Please find the line that holds "Snowboard Gravity snowboards" below and reproduce it, along with every line after it through the end, exactly and without pictures.

• [Dataset section]:
....
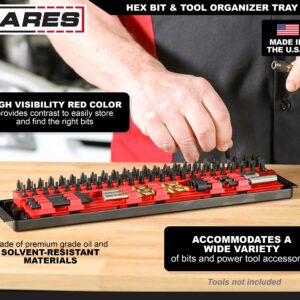 ARES 62052 – Hex Bit and Tool Organizer Tray – Large Capacity Organizer Holds Hex Bits, Drill Bits, Extensions, Adapters, and More – Oil and Solvent Resistant Material - Made in USA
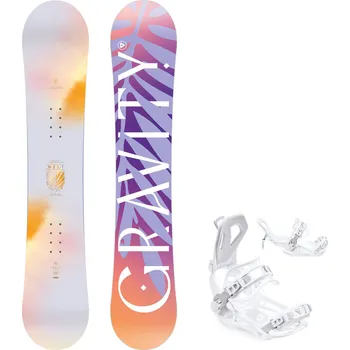 Snowboard Gravity snowboards Snowboard komplet Gravity Mist 25/26 + vázání RAVEN Fastec FT360 White Velikost: 152 cm, Velikost vázání: M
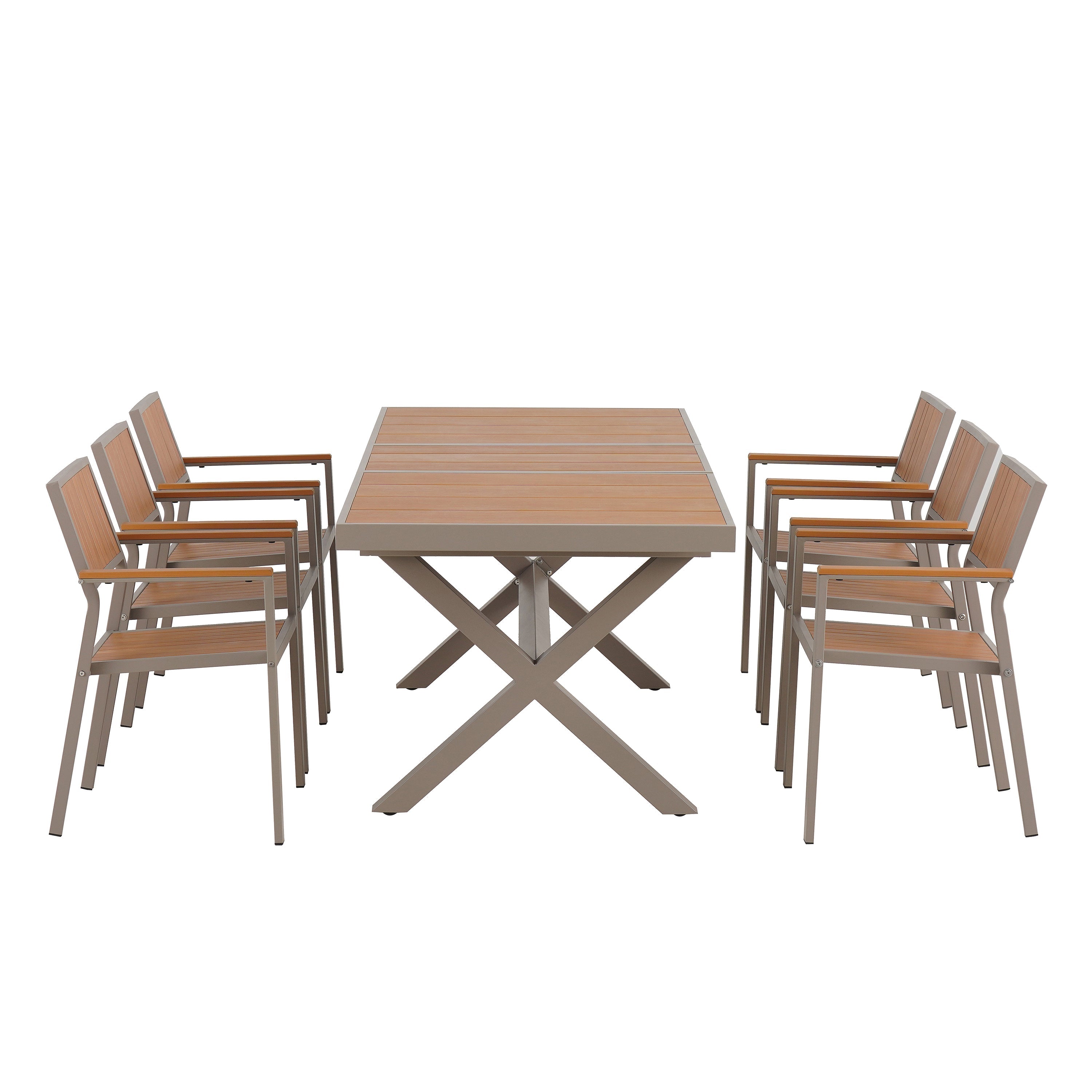 Flexible Outdoor Dining Set with Extendable Table and Six Chairs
....
• [Answer box]:
 Snowboard Gravity snowboards Snowboard komplet Gravity Mist 25/26 + vázání RAVEN Fastec FT360 White Velikost: 152 cm, Velikost vázání: M
 Flexible Outdoor Dining Set with Extendable Table and Six Chairs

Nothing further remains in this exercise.